Factoring polynomials is a skill that helps simplify complex mathematical expressions. In our exercise, we encountered the expression \( x^2 - 9 \). This is a special polynomial known as a "difference of squares". It can be factored into two binomials:

• \( x^2 - 9 = (x-3)(x+3) \)

These binomials

1. \( (x-3) \)
2. \( (x+3) \)

help simplify the equation by reducing its complexity. Recognizing such patterns is key to factoring efficiently. As a result, the equation can be rewritten in a simpler form, making subsequent steps more manageable.

Fractions can make equations seem complex, but they can be eliminated to simplify calculation. In the given equation, we have fractions such as \( \frac{1}{x-3} \) and \( \frac{6}{(x-3)(x+3)} \). The goal is to eliminate these by clearing the denominators. Here's how:

• Identify the least common denominator (LCD), which in this case is \( (x-3)(x+3) \).
• Multiply each term by this LCD to clear fractions, transforming the equation into a polynomial form.

This results in

1. \((x + 3) + (x-3)(x+3) = 6\)

After these steps, the equation becomes polynomial, allowing for easier manipulation and solving.

After finding solutions to an algebra problem, it is crucial to verify them. This process ensures the accuracy and validity of your results.
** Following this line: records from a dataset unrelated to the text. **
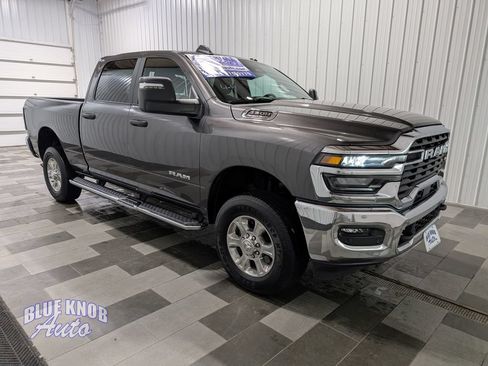 Used 2026 RAM 2500 Big Horn AWD/4WD image 6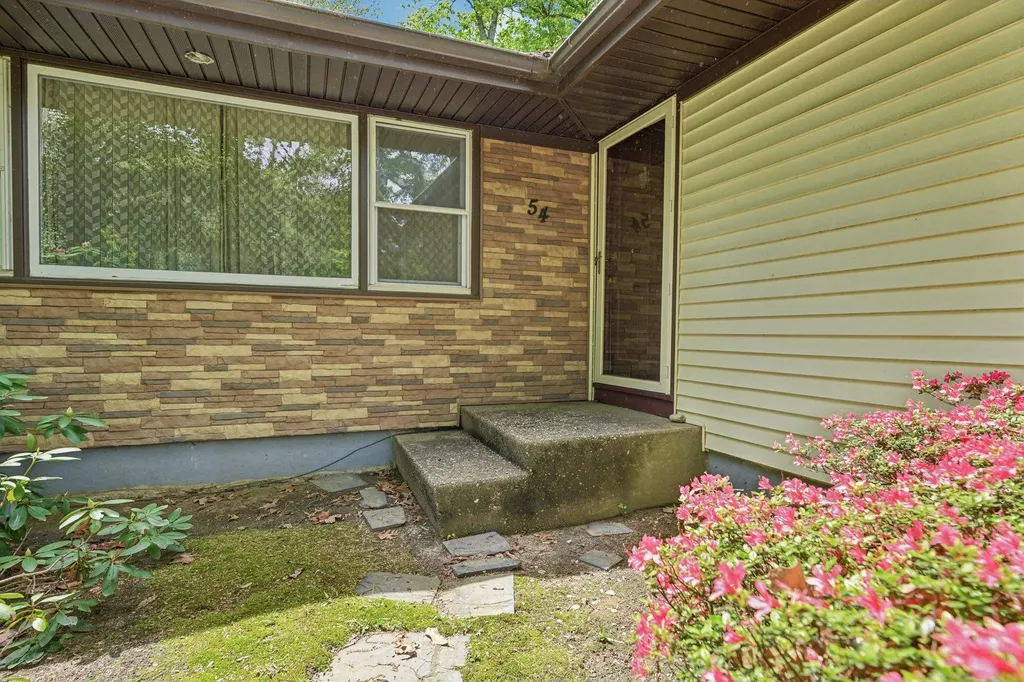54 Cedar Street Stony Brook NY 11790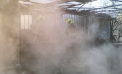 Un bărbat a ajuns la spital, după ce locuința sa a luat foc, la Vadul lui Vodă. Imagini de la locul incendiului - FOTO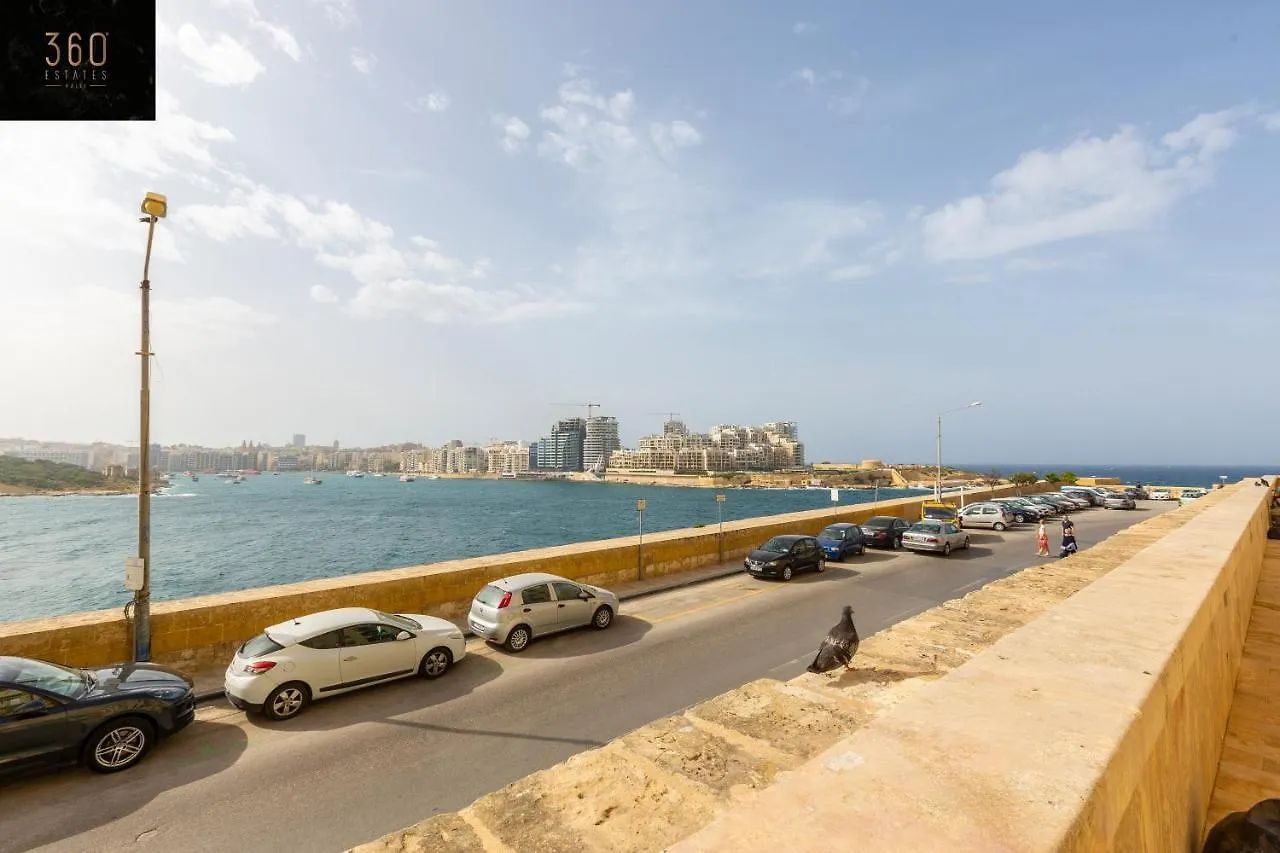 Apartment Seafront - Top Location, Top Floor With Wifi & Ac By 360 Estates Valletta
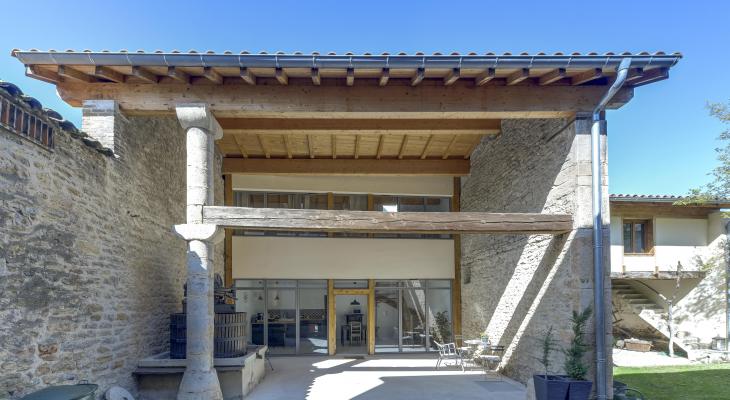 Vue générale d’une grange rénovée en gîte à Écully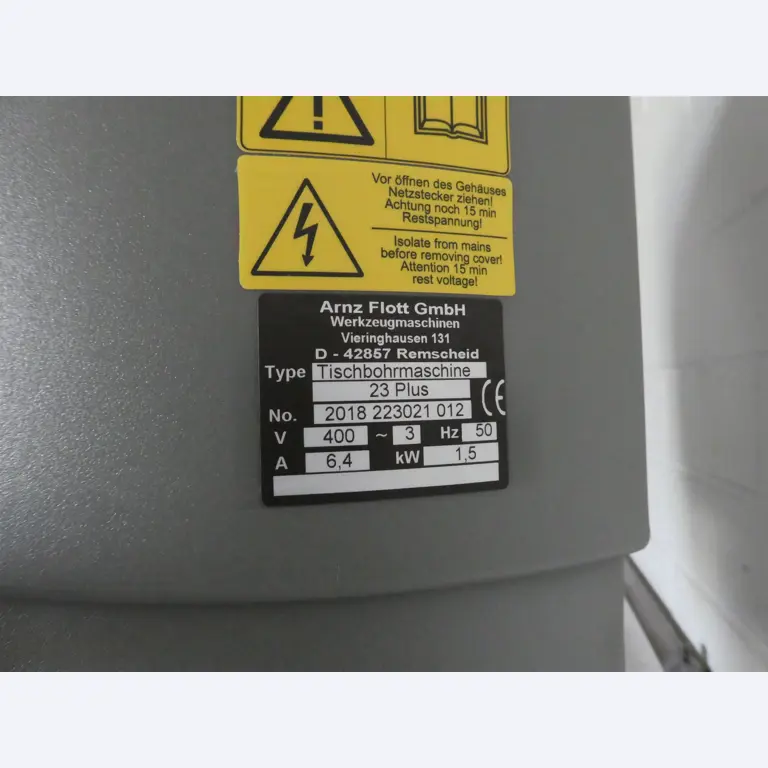 Machines de moulage par injection, machines CNC & lignes d'assemblage pour les éléments chauffants et les composants automobiles-6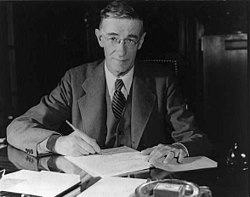 250px Vannevar Bush portrait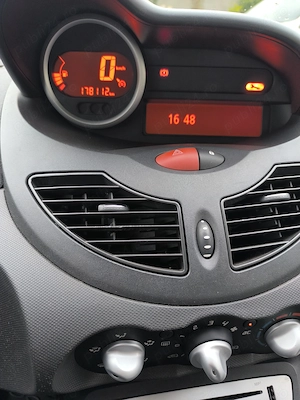 Vând Renault Twingo din 2013 sau schimb cu Logan cu gpl din 2023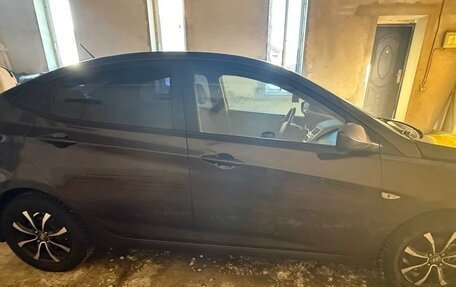 Hyundai Solaris II рестайлинг, 2015 год, 750 000 рублей, 4 фотография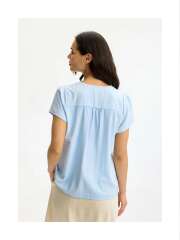 In Front - FILLIPPA Elegnat Bluse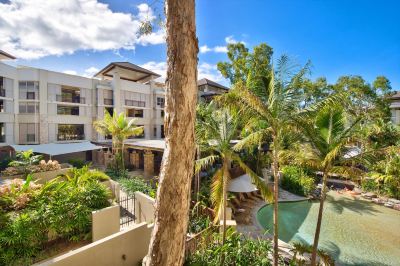 Outdoor Swimming Pool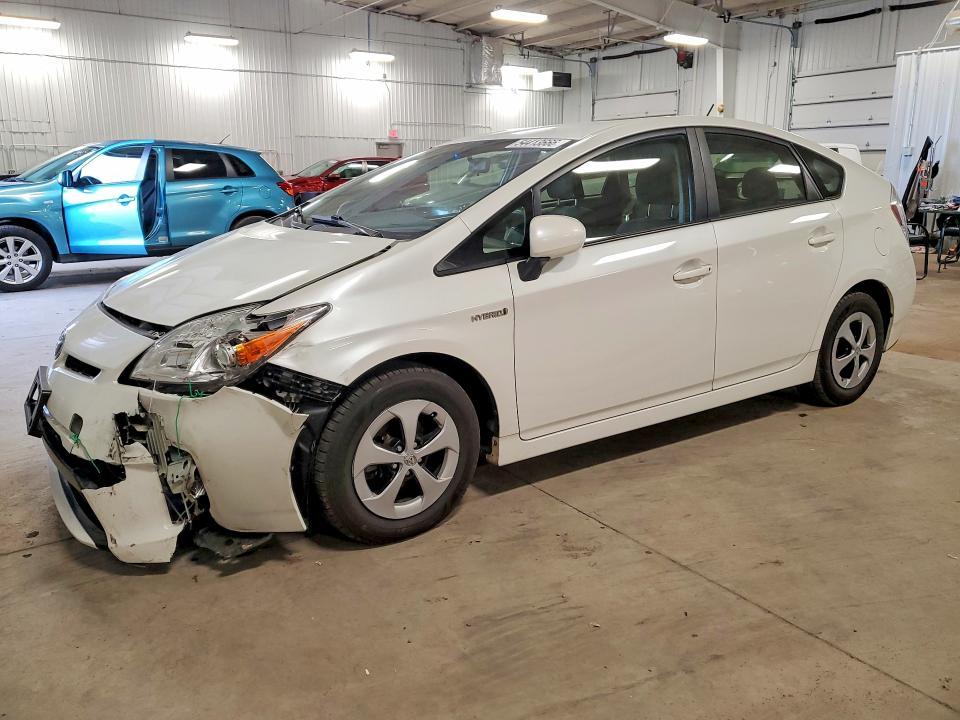 2014 Toyota Prius two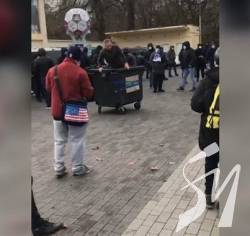 У Чернігові люди з символікою Десни закинули у смітник і побили директора стадіону Гагаріна У Чернігові люди з символікою Десни закинули у смітник і побили директора стадіону Гагаріна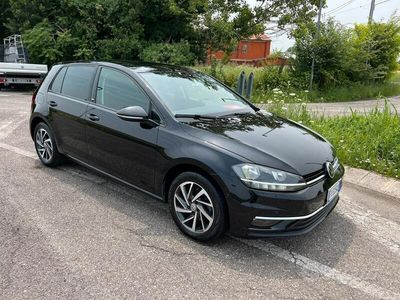 Nero Usata 2017 VW Golf VII Berlina | 11.800 € (Buon prezzo)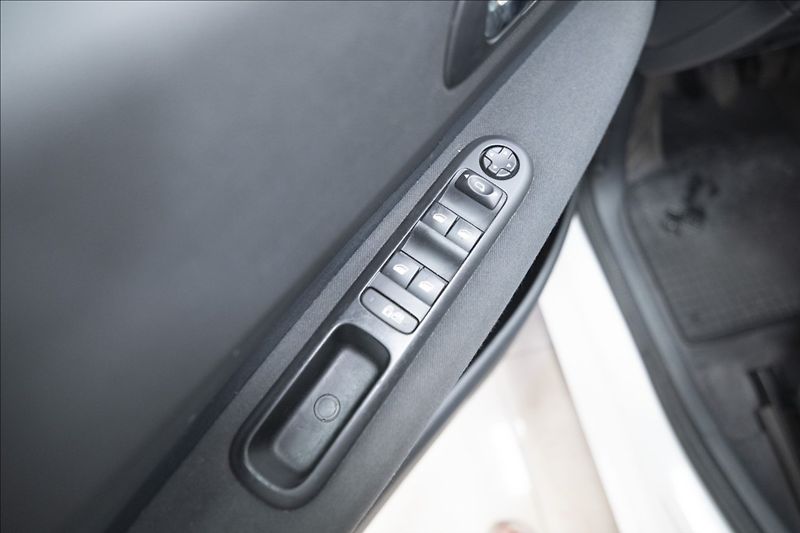 Peugeot 5008 1,6 BlueHDI 7 MÍST NOVÉ V ČR - fotka 17 z 28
Let's break down how to check solutions:

• Substitute each solution back into the original equation.
• Verify if both sides of the equation equal each other.

In our example, we found solutions \(x = 3\) and \(x = -4\). When substituting \(x = 3\) into the original equation, it results in division by zero, making it invalid. However, substituting \(x = -4\) fits perfectly:

1. The left side simplifies to \( -\frac{1}{7} + 1 \)
2. The right evaluates to \( \frac{6}{7} \)

Both sides match, confirming \(x = -4\) as the valid solution. Checking solutions helps prevent mathematical errors and ensures the reliability of your answers.